I won’t give you the actual sales figures, but I can say that the rate of increase of sales of the DT family of applications has been steadily growing rather than declining since Spotlight was introduced.

It would be stretching the point to claim that it was Spotlight’s introduction that caused the rising upwards trend in DT sales.

But it seems even more false to claim that Spotlight has had a negative impact on DT sales.

At present, Spotlight and DT do not interact. In the future, they will. But they really don’t do the same thing.

taharvey :

I do agree in the hope of Spotlight improvements by Apple (though sometimes Apple deceives me because of it’s “minimalistic” approach) and in the hope of DTP interaction with Spotlight.

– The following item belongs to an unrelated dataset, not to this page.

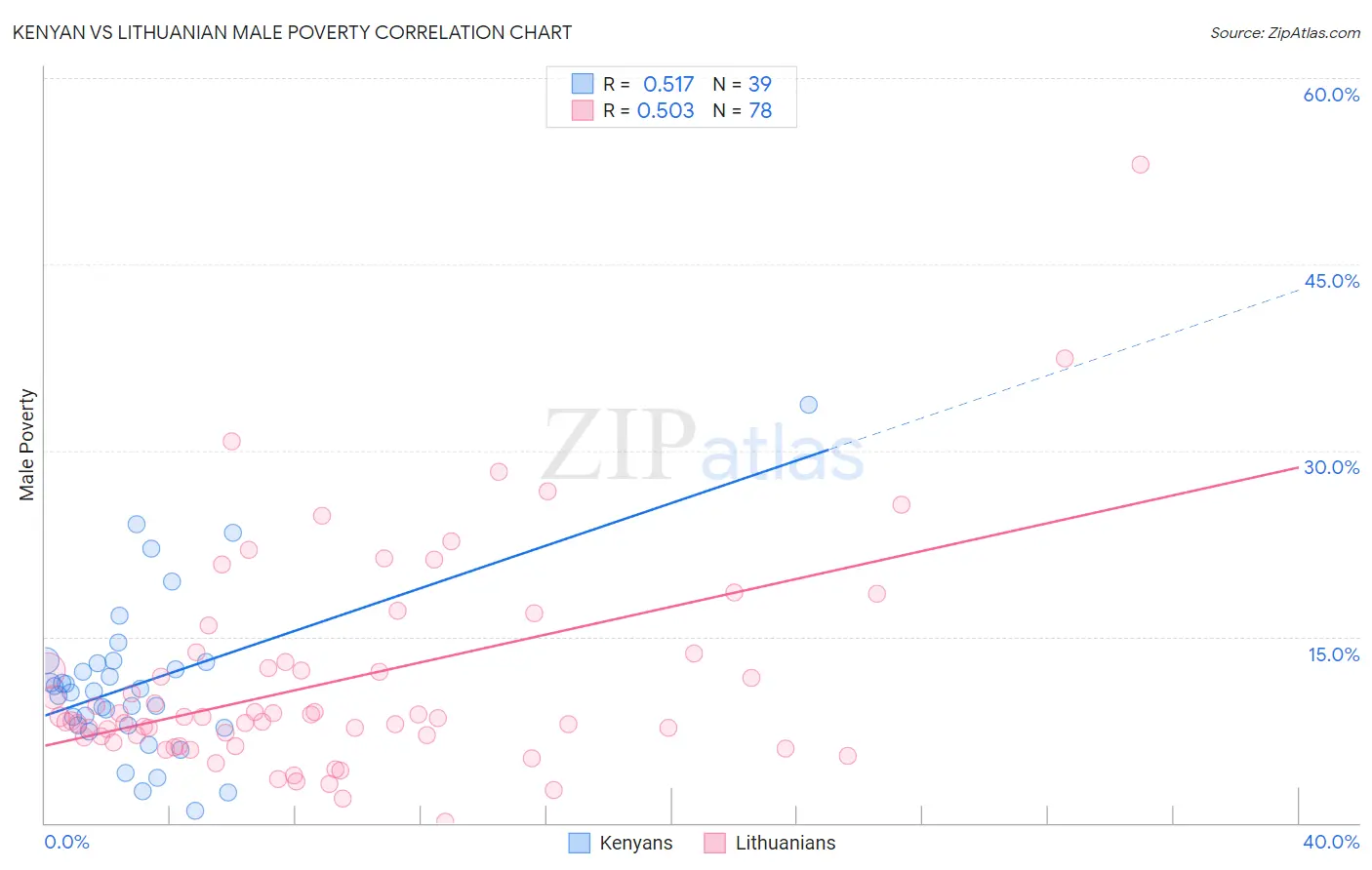 Kenyan vs Lithuanian Male Poverty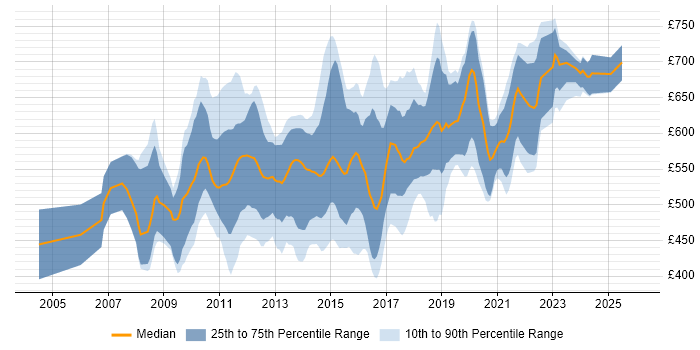 Contractor daily rate distribution trend for jobs in England citing Markit EDM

About the discussion of the inconsistency of having two trees of data, one in Finder and one in DTP, you must remember that you can use DT as an index of files (txt, pdf, webarchives… ) and use it as a tool for analysing data and text. As it is just an index, you can still use Spotlight for searching (or Quicksilver), but knowing that the algorithms of DT are very useful in scienfiphic research.

However, I do agree with the sensibility of your opinion: DTP design concept is sometimes too closed and oriented to and by legacy users. That means little openness to new ideas and concepts, as for example “tagging” (DT devs say that DT does tagging by folder nesting, I think it’s not the same thing), Spotlight (I think that a DT database should offer the option of being indexed by Spotlight or not), modern and stylish GUI (I think that a lot of the feature overlapping and confusion of the current DT is because of a not very clever GUI design -say, a 6 view browser is in the limit of usability-).

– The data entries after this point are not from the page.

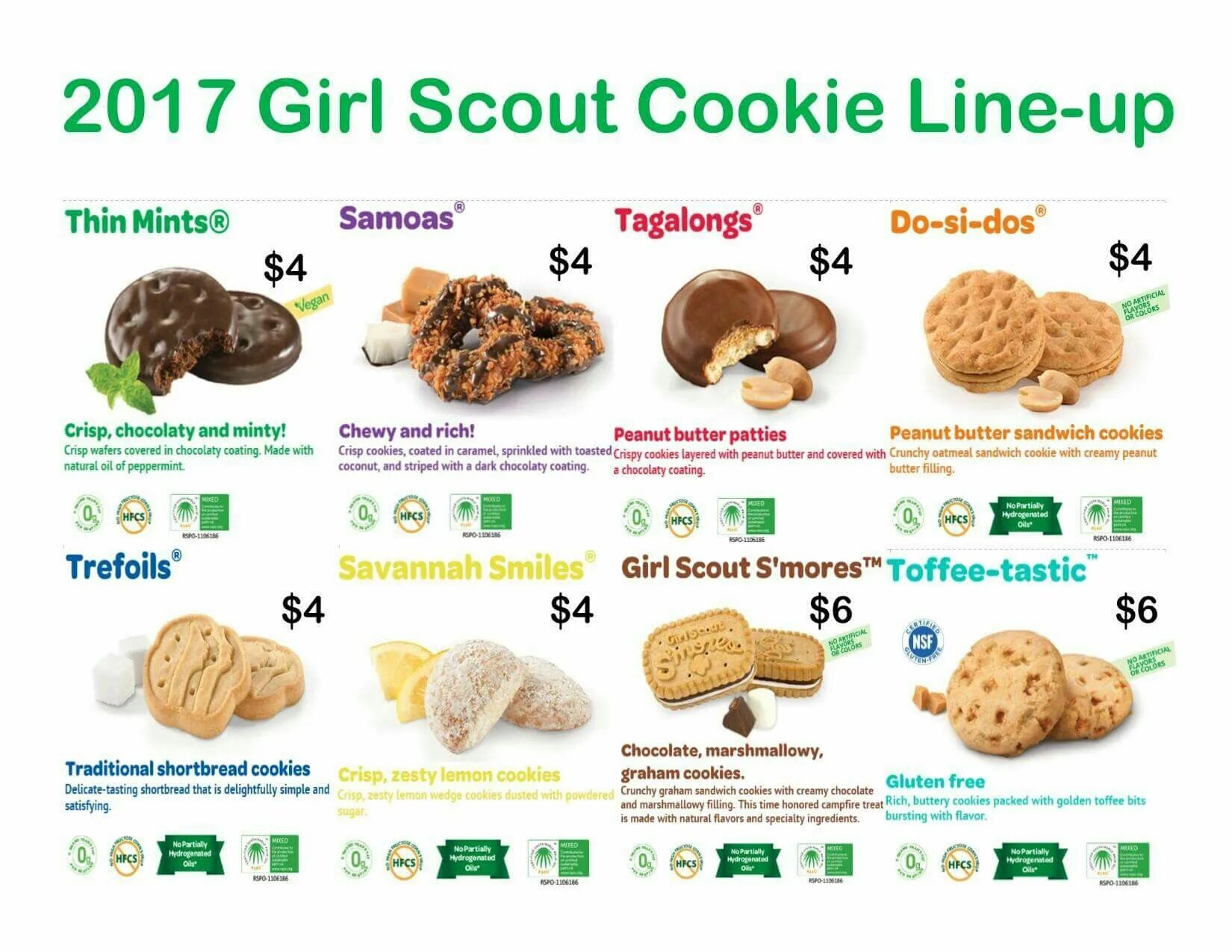 Girls Scout cookie. Lemon cookie girl-Scout. Герл Скаут кукис сорт. Девочка Скаут продает печенье. Cookie scouts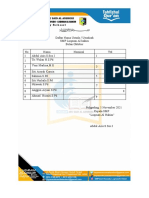 Daftar Gaji SMP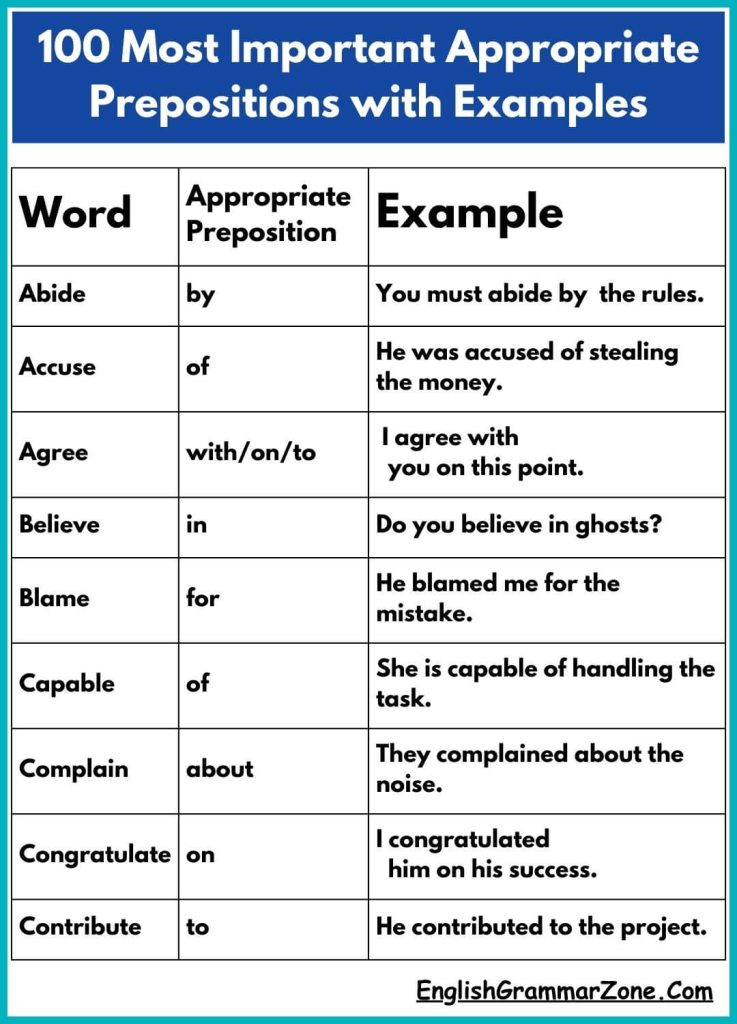 100 Most Important Appropriate Prepositions with Examples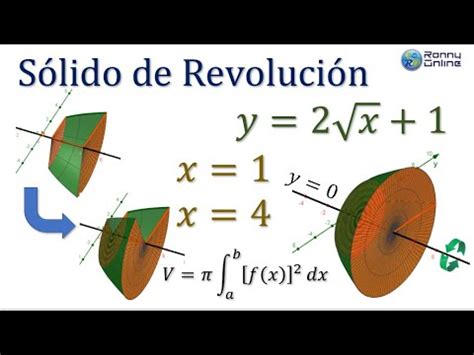 Cálculo volumen de sólidos de revolución MÉTODO DEL DISCO Función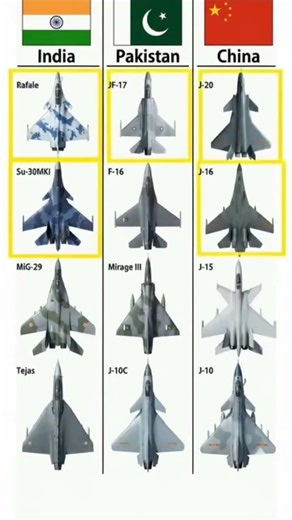 Ultimate Fighter Jet Collection | Powerful Military Aircraft in Action ✈️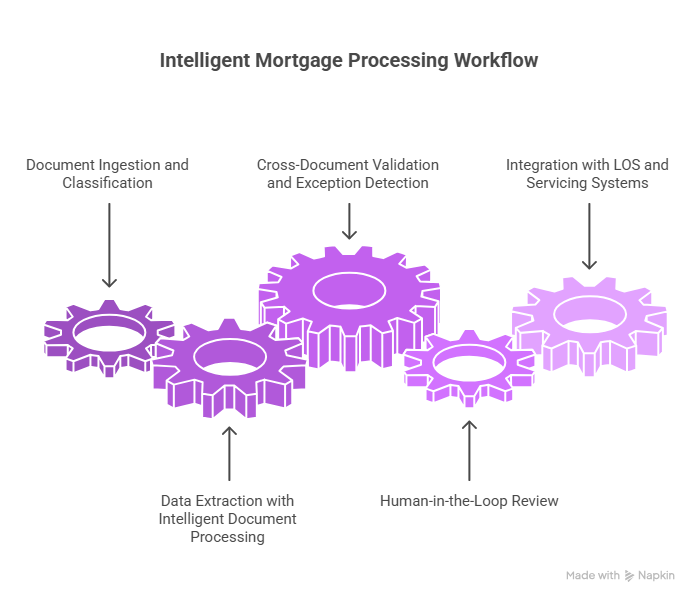Discover how intelligent mortgage processing uses AI to automate document review, speed up loan approvals, and improve compliance accuracy across the mortgage lifecycle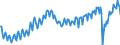 Seasonal adjustment: Unadjusted data (i.e. neither seasonally adjusted nor calendar adjusted data) / Unit of measure: Constant prices, index 2010=100 / National accounts indicator (ESA 2010): Gross domestic product at market prices / Geopolitical entity (reporting): Jamaica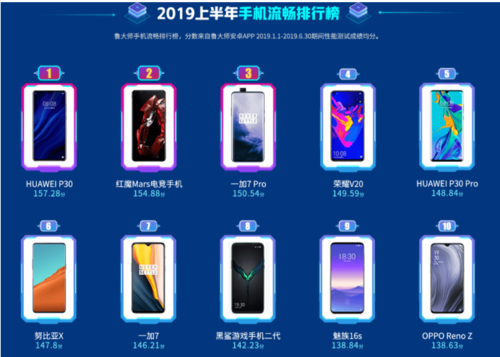 華為P30有多流暢？魯大師2019半年報(bào)流暢榜第一名！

I hope that DT 2.0 is coming soon, with all these improvements. If there is a place for suggestions, I would hope to see a more transparent way to understand and use DT AI, for specific analysis problems. I should really orient DT as a text analysis tool, just kind a “photoshop for text”: it could be really give to option of create “plugins” to text and content analysis purposes.

Hi Bill,

Thanks for this impassioned defence of DT’s view of the world, which served as a refresher course in its use, too. But I didn’t understand this idea of selecting a word and clicking the option key: nothing seems to happen when I do this.


Tips on use is usually the point of my diatribes. :slight_smile:

Option clicking on a (single) selected word results in a drawer sliding out with a list of other documents that contain that term.

Works directly in plain or rich text documents or PDF documents.

For HTML or WebArchive documents it may be necessary to switch to Format > Edit Source, then select the word and Option-click.

After seeing the full demo of leopard, I come back to this discussion. With the improvements to spotlights searching, the greater wealth of meta-data available to the OS, and especially new quick view, the OS is providing the core functionality of DT in a better package that is OS wide, universal, supports a much broader set of file types, and has a better UI. To me the only major things missing are auto-classification, a safari archiver, and a hyperlinking notebook.

There are lots of notebook apps, so that is not a problem (in fact this way you can chose one that meets your needs). There are a few web archivers, though perhaps not well implemented. Leaving auto-classification, which would be really nice - but even with the current DT the auto-classification isn’t integrated with the OS save dialog, so it is of limited use (the whole point here is to save ideas, notes, articles fast… saving and then importing into Devon-Think undermines the whole concept).

Anyway. I’d like to use some of the features offered by DT, but I’m not going to give up a better universal system to get a few “nice to have features”. I’d really like to see DT do something really smart and integrated, leveraging the OS core functionality.

Which are precisely the features that I like about DT. Your understanding of the “core functionality of DT” seems to be somewhat different from mine.

You’re also forgetting an important detail. Leopard is not yet commercially available. DT is. While you’re waiting for “a better universal system,” I’m getting work done.